Unlike bagging, boosting algorithms do not bootstrap samples from the dataset or any kind of sampling the dataset. Boosting algorithms use the whole dataset for training but training examples are adjusted in every iteration. Every time the model is trained on the dataset, it evaluates itself and increases the weight of the misclassified examples, then passes these back into the model; the number of iterations being specified by the user is based on acceptable performance levels. This focus on misclassified examples makes boosting one of the best ensemble learning methods. Although this technique could show robustness to classify difficult examples, the performance will decrease dramatically when noisy or misclassified examples exist in the dataset, as boosting algorithms will try to weight highly noisy examples to try to fit the model.

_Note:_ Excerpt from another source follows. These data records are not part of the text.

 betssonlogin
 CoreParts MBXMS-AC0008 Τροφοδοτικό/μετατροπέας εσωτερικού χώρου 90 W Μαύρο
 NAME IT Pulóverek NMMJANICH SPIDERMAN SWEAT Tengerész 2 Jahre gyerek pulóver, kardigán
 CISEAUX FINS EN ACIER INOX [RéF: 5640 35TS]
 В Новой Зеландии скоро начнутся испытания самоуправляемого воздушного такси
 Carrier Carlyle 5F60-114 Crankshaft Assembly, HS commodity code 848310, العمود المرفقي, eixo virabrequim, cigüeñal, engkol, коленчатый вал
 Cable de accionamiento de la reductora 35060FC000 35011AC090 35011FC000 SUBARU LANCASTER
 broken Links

The Adaptive boosting algorithm (AdaBoost) is another boosting-based concept. This is an algorithm that starts with a weak learner trained on a dataset and then the output is evaluated, giving more weight to the misclassified examples. The number of iterations of training and weighting misclassified examples is specified by the user. Finding the right values for these hyper-parameters is done by using tuning methods such as MDA and grid search. Compared to RF, this method can show better results depending on the dataset used. Small and noisy datasets are better fitted by RF than AdaBoost, as it is prone to give too much weight to the noisy examples [79].

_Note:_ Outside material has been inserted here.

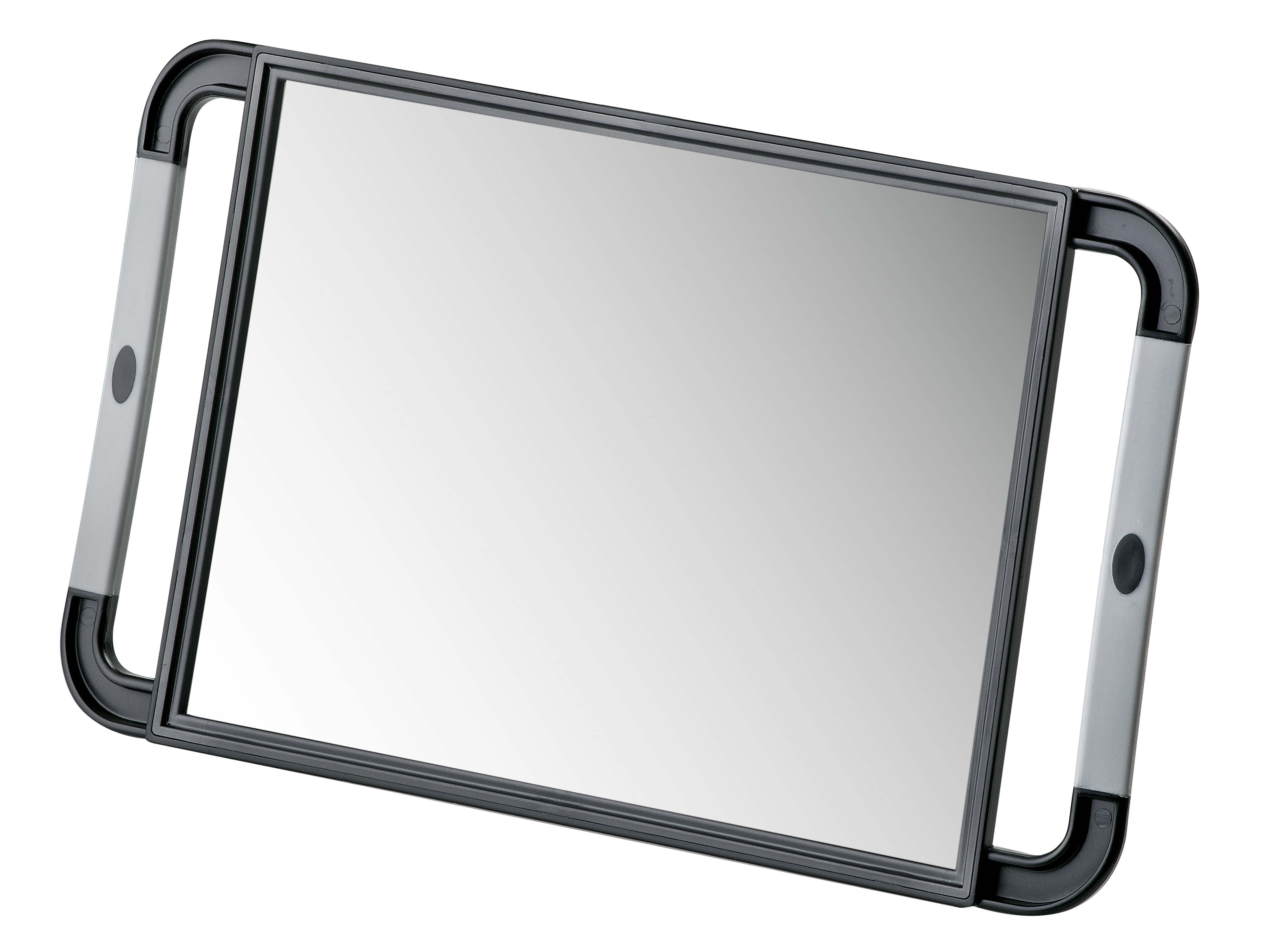 Handspiegel Spiegel Smartgrip 21X29Cm Friseur 01 Produktbild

eXtreme gradient boosting, known as XGBoost [78], is a new implementation of the gradient boosting trees algorithm. Enhancements include producing improved

learning or tree learning algorithms and making it faster and better in terms of scalability. Due to its high performance and ability to work in a distributed environment, it has become popular in many data science competitions.12 The library is open source and well documented,13 and have supported and implemented for multiple programming languages (i.e. R language and Python).

Generally, the main difference between boosting and bagging is that bagging uses different bootstrapped samples to train several models and then applies equally weighted voting. Boosting works by training one model several times on all datasets but adjusts misclassified samples every time. Voting in boosting is weighted based on the performance of the model at every learning iteration. These differences make boosting and bagging quite different in their learning hypothesis and predictions.